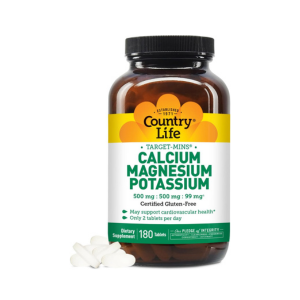 Country Life Target Mins - Calcium Magnesium Potassium Bone &amp; Heart Health Supplement, 1000mg Calcium, 500mg Magnesium, Supports Calcium Utilization, 180 Tablets – Certified Gluten Free &amp; Vegan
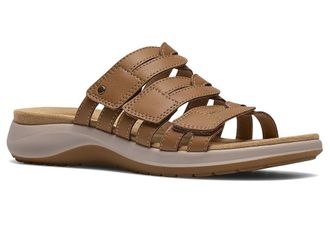 Clarks Maelynn Abby Womens Sandals Tan Leather : 8.5 B - Medium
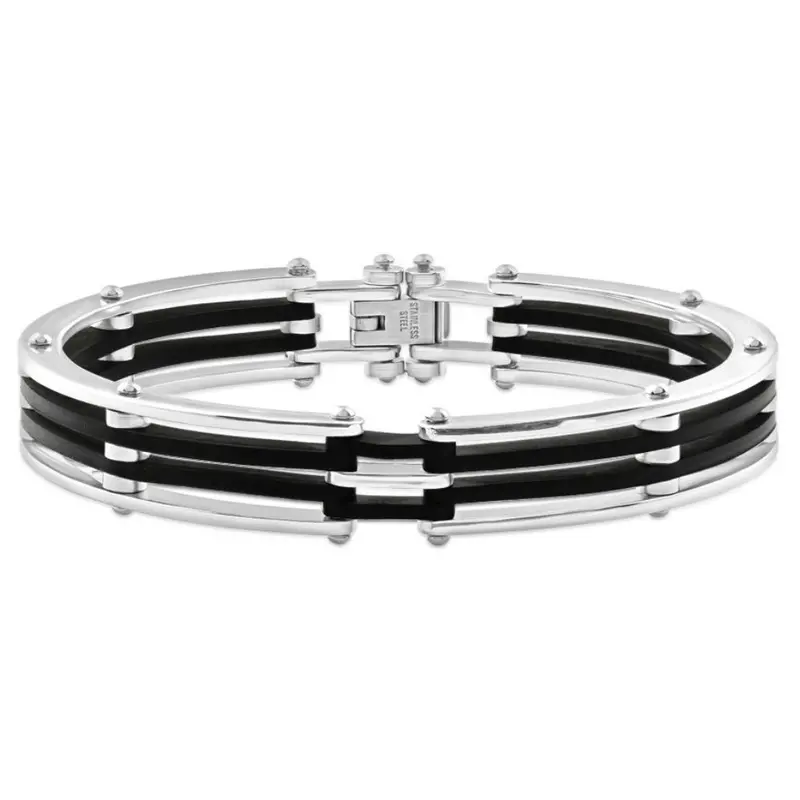 Men's Steel And Black Silicone Latched 8" 13.5Mm " Cuffed Bracelet 1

Aim of the task: Set down the data exactly as it appears, without any images.

Reply:
 Country Life Target Mins - Calcium Magnesium Potassium Bone &amp; Heart Health Supplement, 1000mg Calcium, 500mg Magnesium, Supports Calcium Utilization, 180 Tablets – Certified Gluten Free &amp; Vegan
 Clarks Maelynn Abby Womens Sandals Tan Leather : 8.5 B - Medium
 Men's Steel And Black Silicone Latched 8" 13.5Mm " Cuffed Bracelet 1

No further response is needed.